◆ **DATA PROVIDED**:
┌──

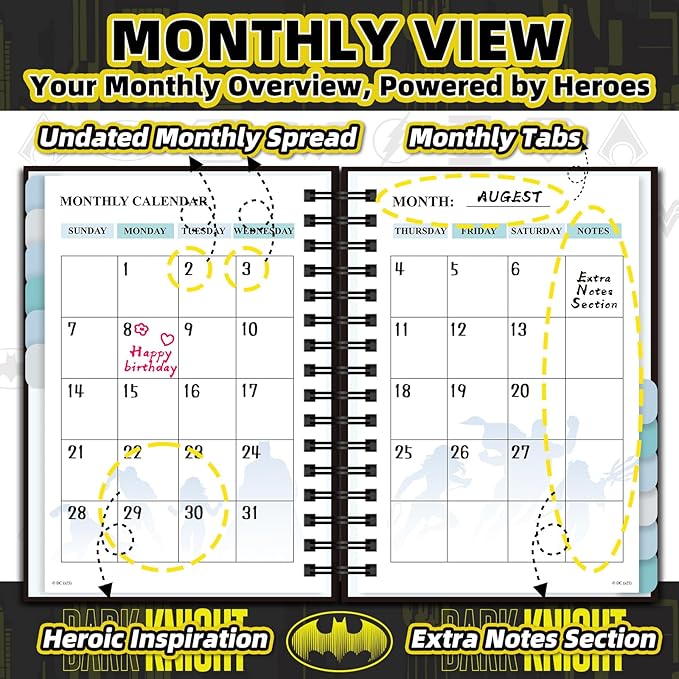 Hardcover Spiral Notebook Journal with 12 Dividers Tabs Weekly&Monthly Planner Productivity Journal Superhero Theme Leather Organizer for Work School Adults Teens and Professionals (BATM-BLACKYELLOW)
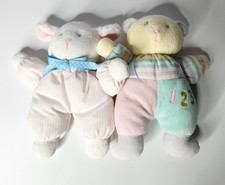 Eden Vintage 1990s Baby Rattles Lamb/Pastel Color Block Teddy Bear Lot of 2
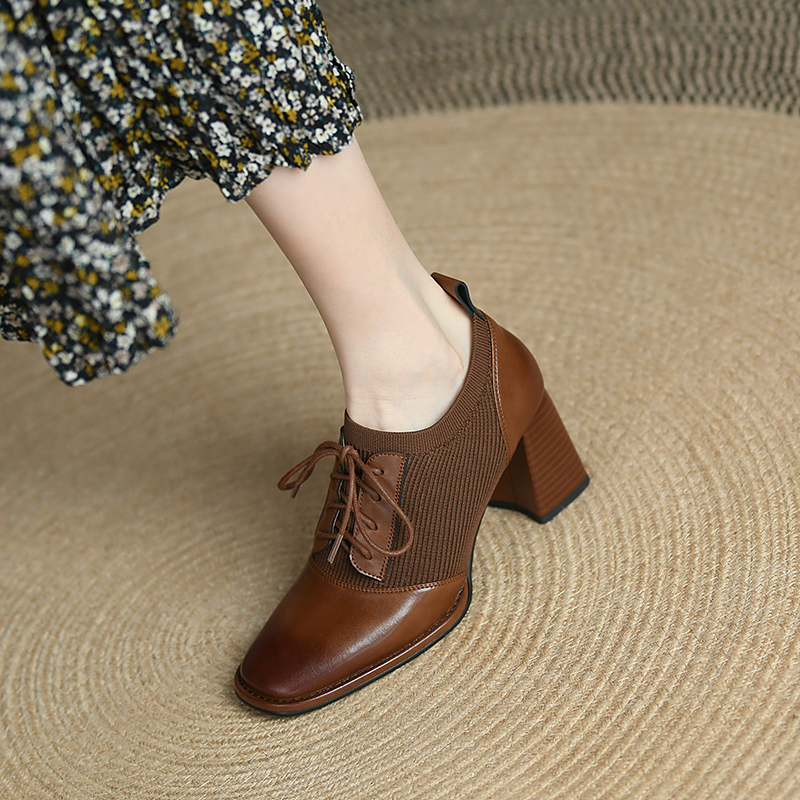 2025 new Spring shoes Pumps Square Toe Lace-Up Chunky Heel Casual Solid Split Leather for Women Heels Shoes 53ef
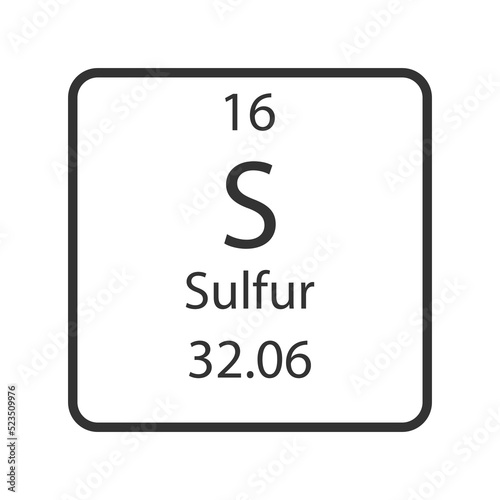 Sulfur symbol. Chemical element of the periodic table. Vector illustration.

└──

◆ **TASK ITEM**: Exactly repeat only the lines from the one with "2025 new Spring" to the closing line above, both included, and omit every picture.

◆ **THE COMPLETED TASK**:
 2025 new Spring shoes Pumps Square Toe Lace-Up Chunky Heel Casual Solid Split Leather for Women Heels Shoes 53ef
 Sulfur symbol. Chemical element of the periodic table. Vector illustration.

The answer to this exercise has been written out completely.